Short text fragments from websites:
*****

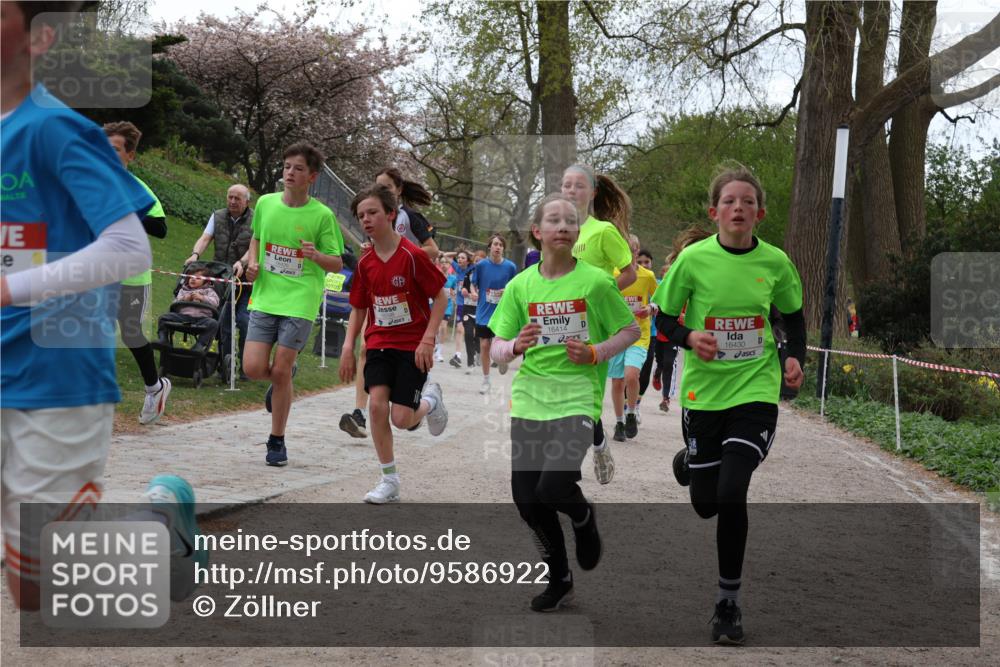25.04.2026 - Das Zehntel Zöllner http://msf.ph/oto/9586922 25.04.2026 14:41:38 Laufen 16414, 16430 meine-sportfotos.de
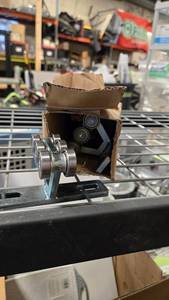 lot 138 image: Roller Bearings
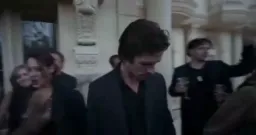 مرد ناراحت در جمع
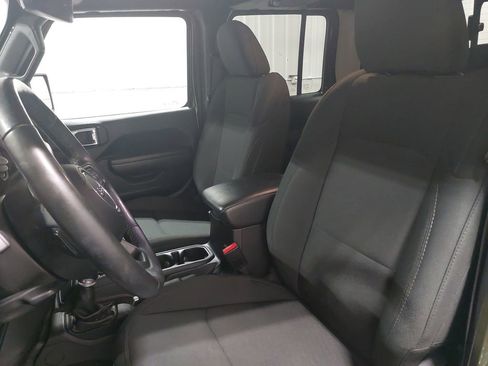 Used 2022 Jeep Gladiator Sport image 14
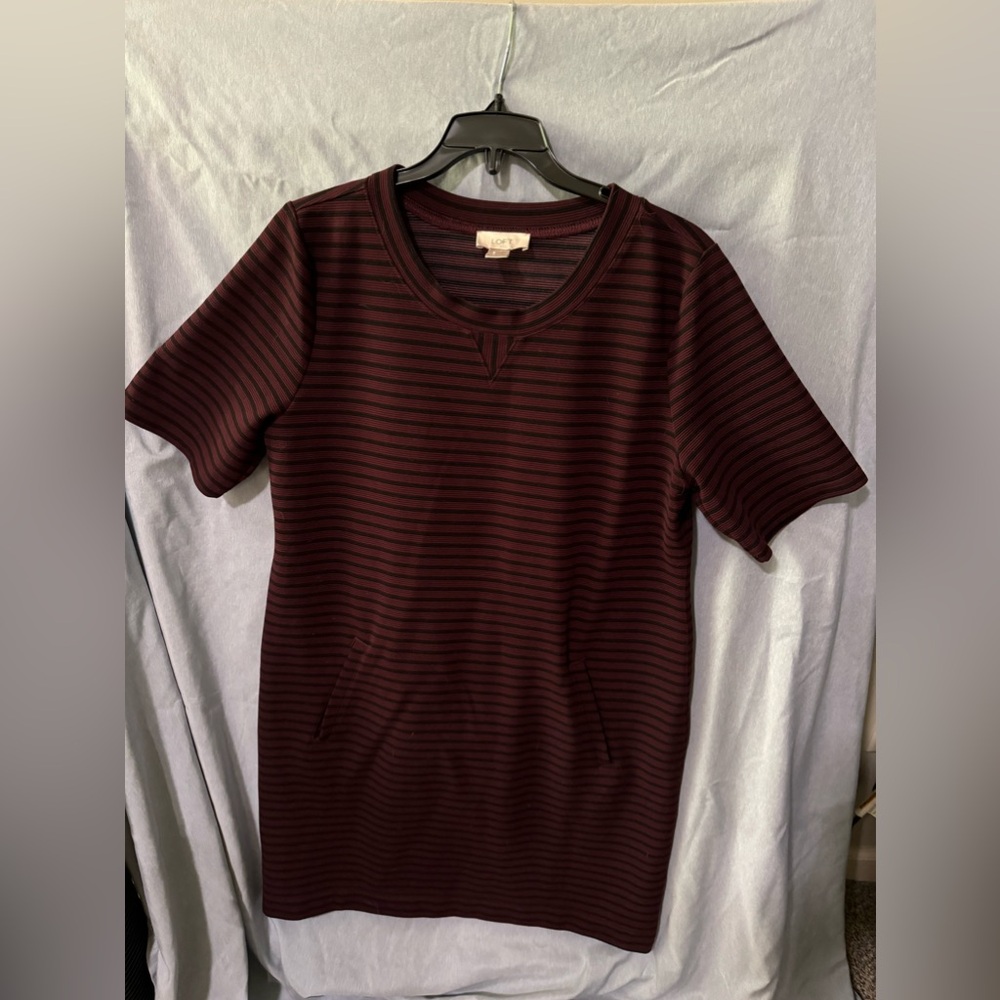 Size lg women’s Loft ripped material, black and burgundy stripes pouch pockets.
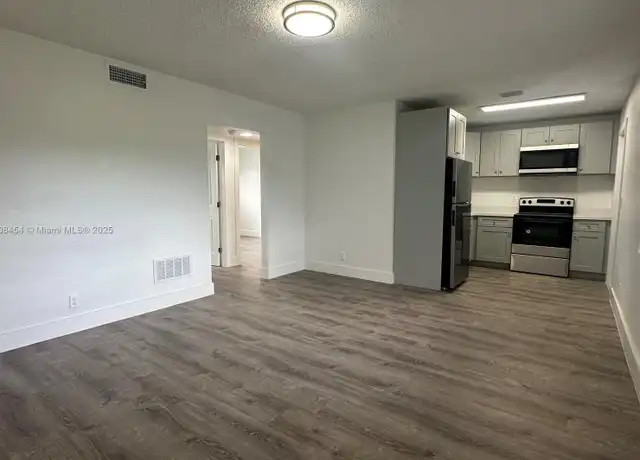 Property at 2401 NW 9th Ave Unit 6, Wilton Manors, FL, 33311, 2 beds, 1 bath, [object Object]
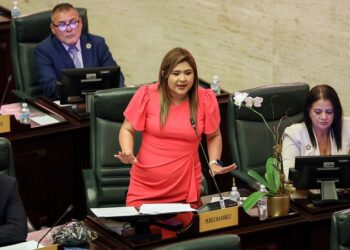 Cámara ordena proyecto piloto para crear una decena de escuelas STEAM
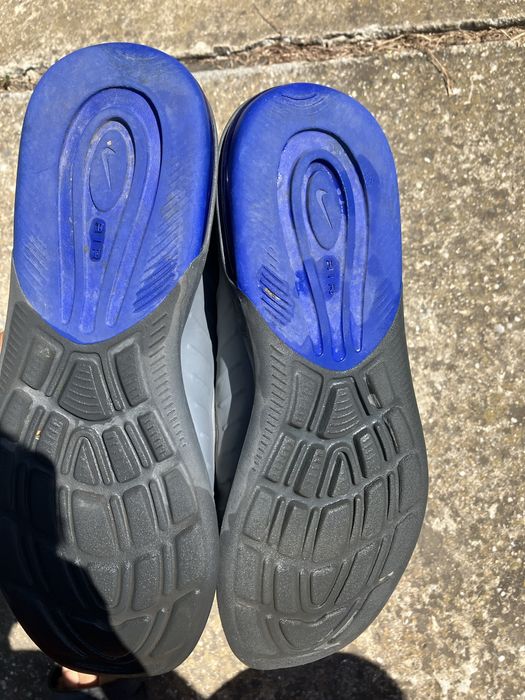 Adidasi Nike Air Max Axis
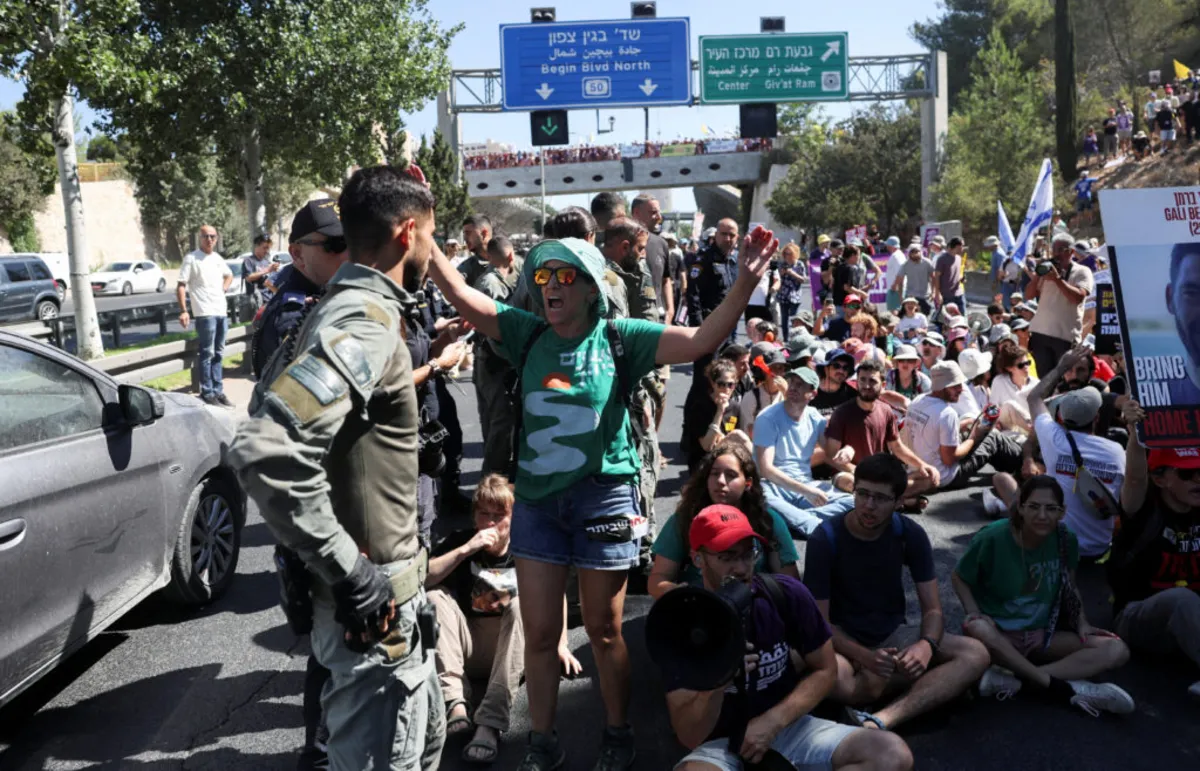 Israeli Police Clash with Protesters Demanding Hostage Release Amid Gaza Strike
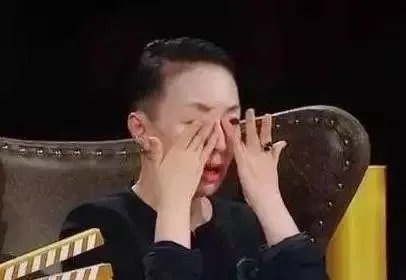 如何看待演员凌潇肃开通微博这一事件？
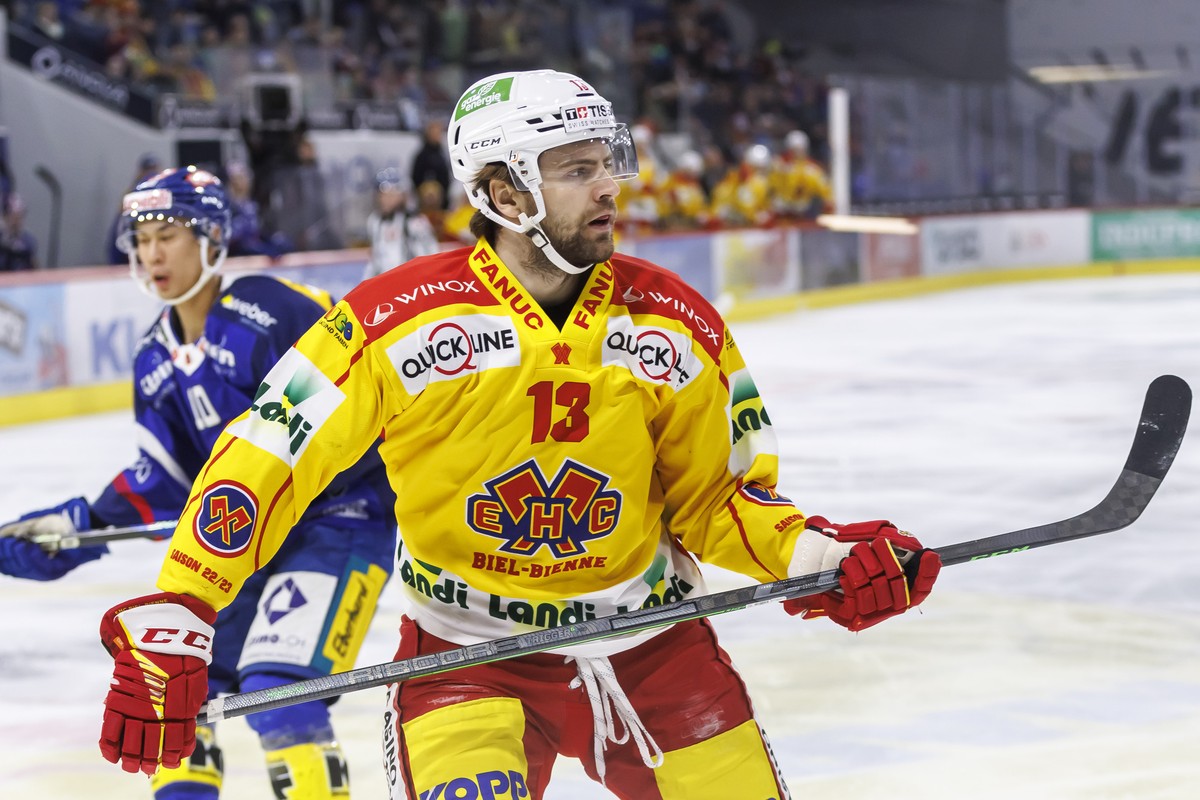 EHC Biel Stuermer Luca Hischier waehrend dem Eishockey-Meisterschaftsspiel der National League zwischen dem EHC Kloten und dem EHC Biel am Sonntag, 19. Februar 2023, in Kloten. (KEYSTONE/Patrick B. Kr ...
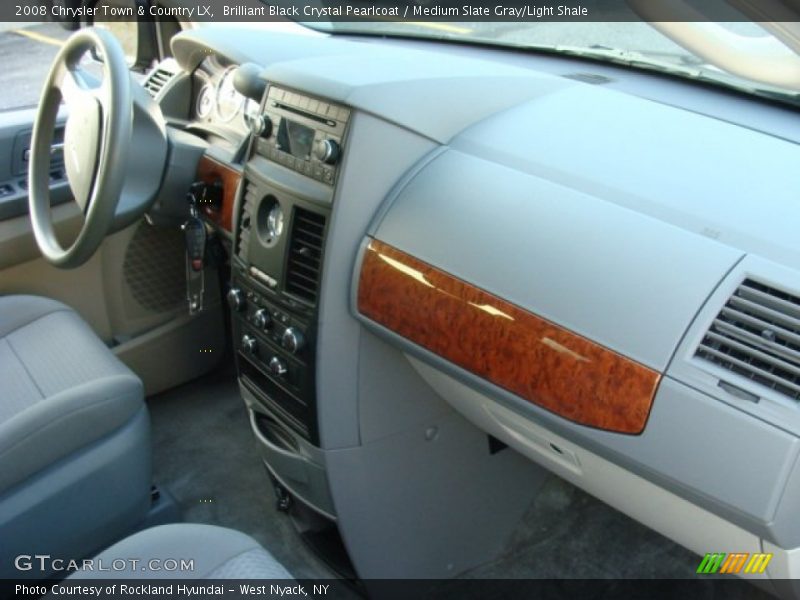 Brilliant Black Crystal Pearlcoat / Medium Slate Gray/Light Shale 2008 Chrysler Town & Country LX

*****

Nothing but the lines from the start of the records above through the line with "Used 2022 Jeep Gladiator Sport image 14" should be retyped, each exactly as written; leave out all pictures.

25.04.2026 - Das Zehntel Zöllner http://msf.ph/oto/9586922 25.04.2026 14:41:38 Laufen 16414, 16430 meine-sportfotos.de
 lot 138 image: Roller Bearings
 مرد ناراحت در جمع
 Used 2022 Jeep Gladiator Sport image 14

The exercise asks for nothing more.